**What needs to be done**
Your answer must be the lines from the one containing "128 hours later" through the last line below, copied exactly, with no pictures.

**Data excerpt**
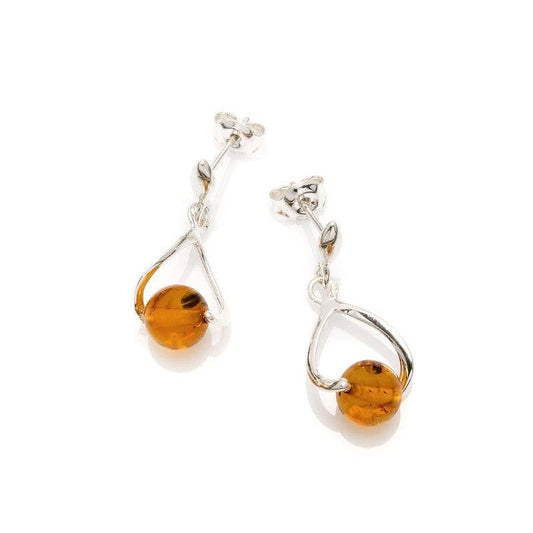 Cognac-colored ball earrings made of amber and sterling silver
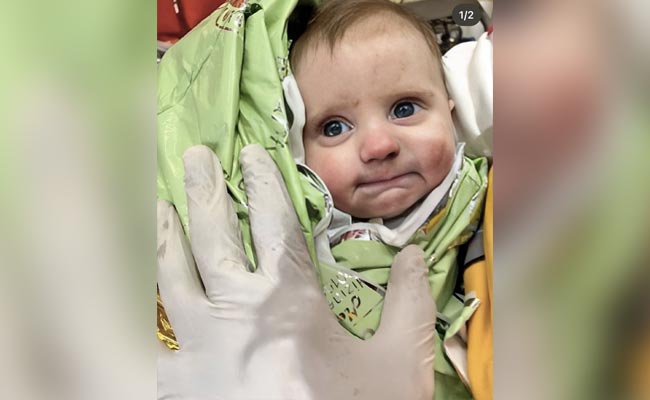 128 hours later the earthquake, a 2-month-old child is rescued from the rubble 11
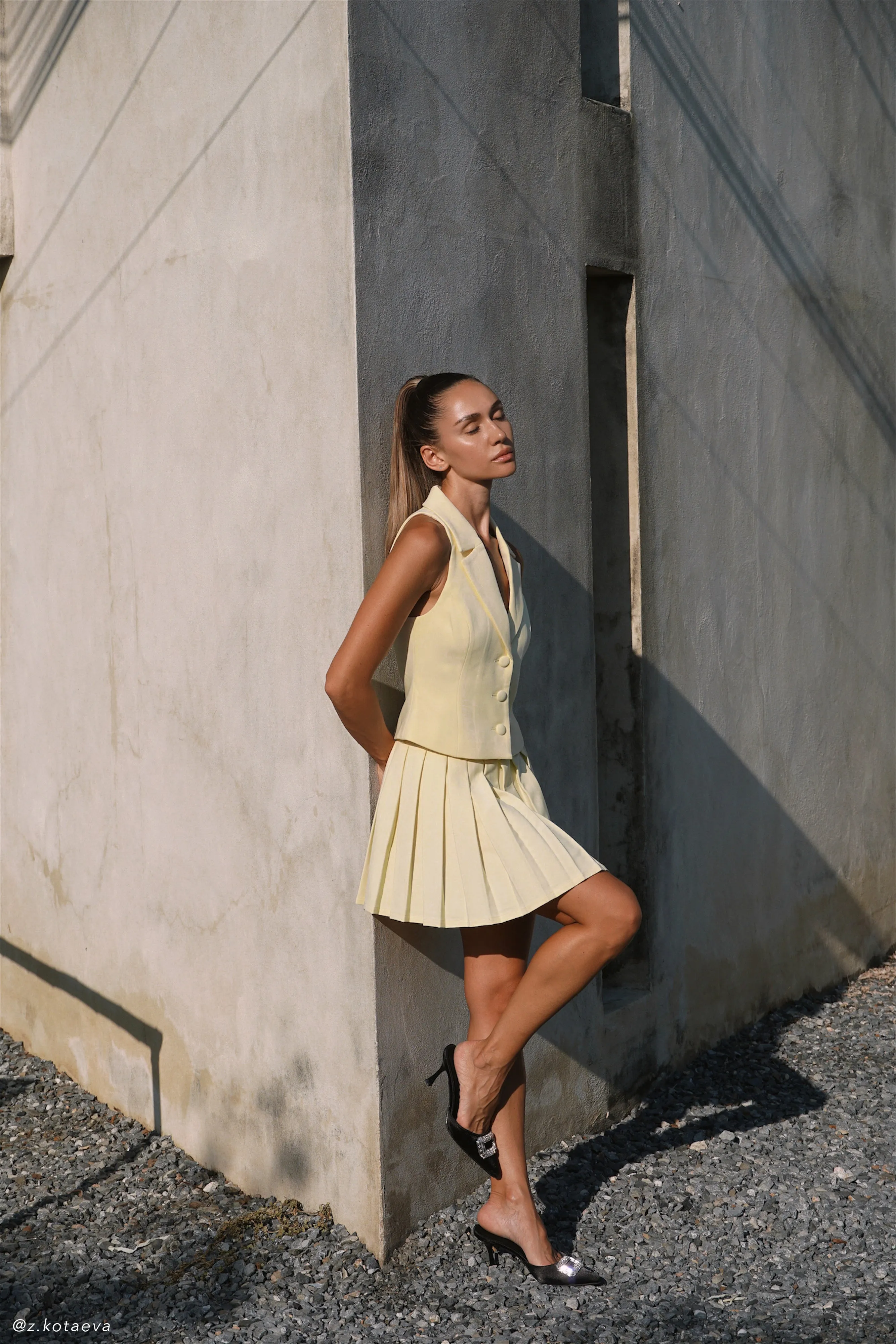 Mura Pleated Mini Skirt - Lemon sold by Meshki product image thumbnail 2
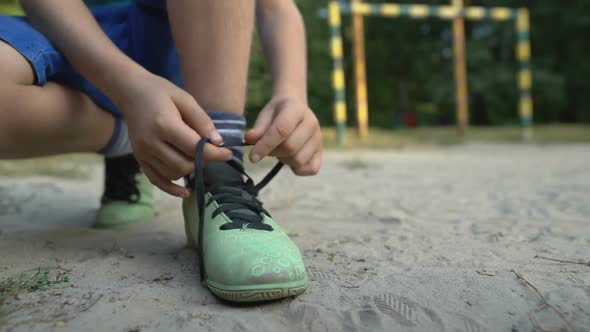 Boy Footballer Tying Shoelaces, Special Orthopedic Footwear for Sportsman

**Reply**
 128 hours later the earthquake, a 2-month-old child is rescued from the rubble 11
 Mura Pleated Mini Skirt - Lemon sold by Meshki product image thumbnail 2
 Boy Footballer Tying Shoelaces, Special Orthopedic Footwear for Sportsman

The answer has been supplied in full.